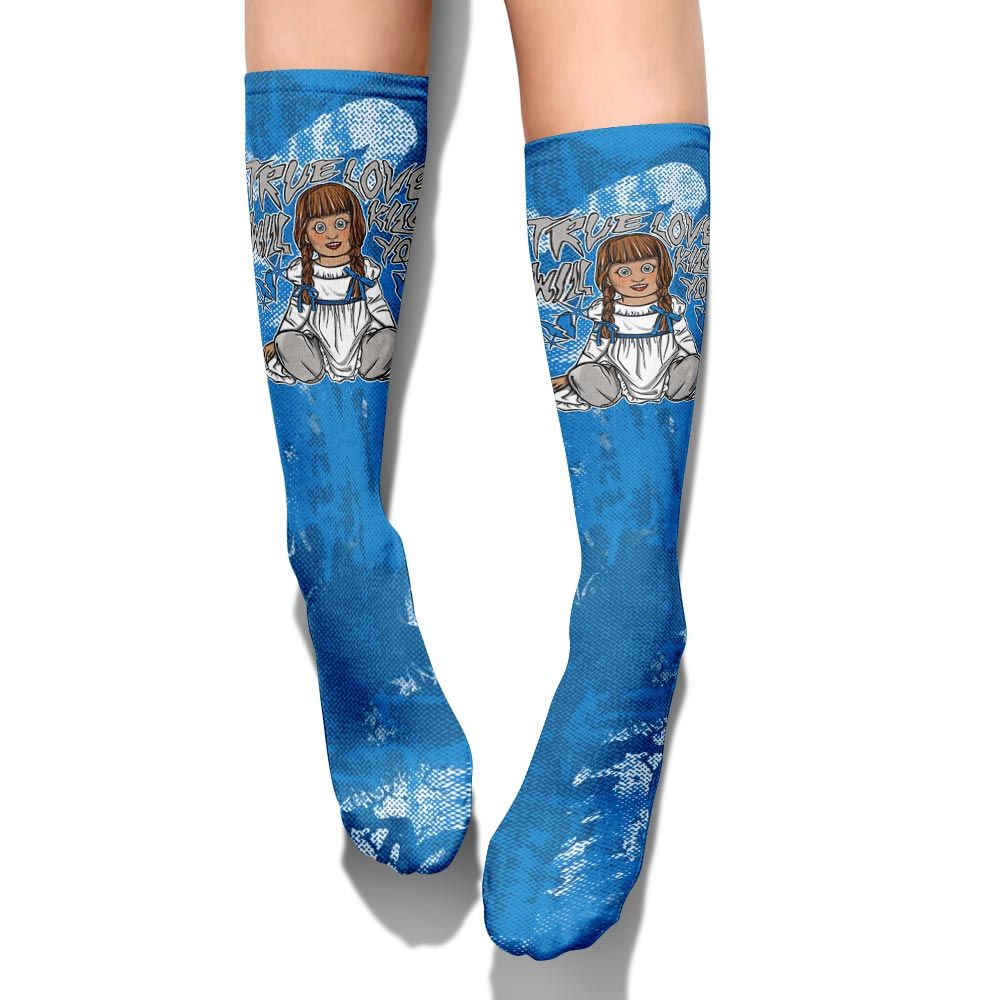 Sock To Match Military Blue 4s - Genuine Loves Bear Halloween Heart Grunge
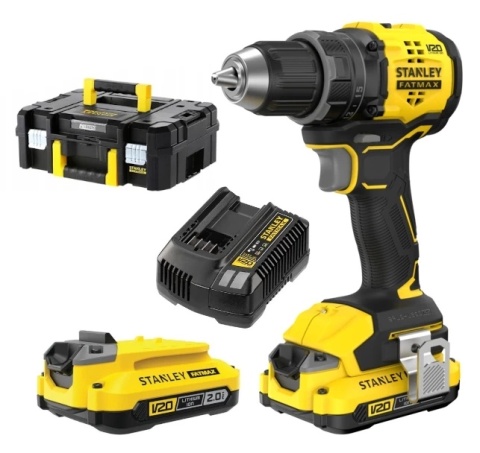 Wiertarko-wkrętarka bezszczotkowa Stanley FatMax V20, zestaw z 2 akumulatorami SFMCD714D2T-QW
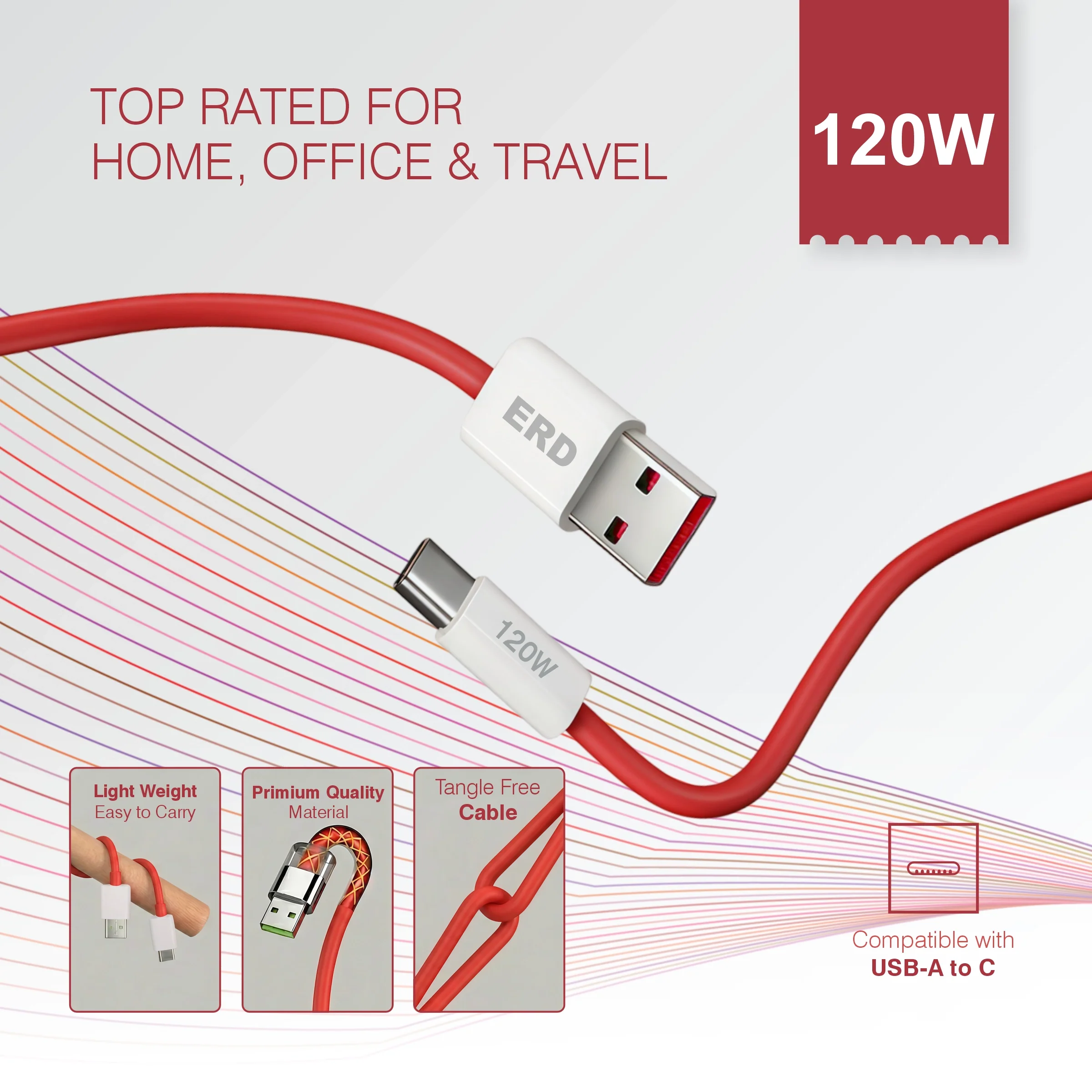 ERD UC-368 USB-A TO C Solid Casing Smart Data Cable, 120W - Image 6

**WHAT TO DO:** Leave the pictures out and set down the rest of the listing above exactly.

**FINISHED TASK:**
 Sock To Match Military Blue 4s - Genuine Loves Bear Halloween Heart Grunge
 Wiertarko-wkrętarka bezszczotkowa Stanley FatMax V20, zestaw z 2 akumulatorami SFMCD714D2T-QW
 ERD UC-368 USB-A TO C Solid Casing Smart Data Cable, 120W - Image 6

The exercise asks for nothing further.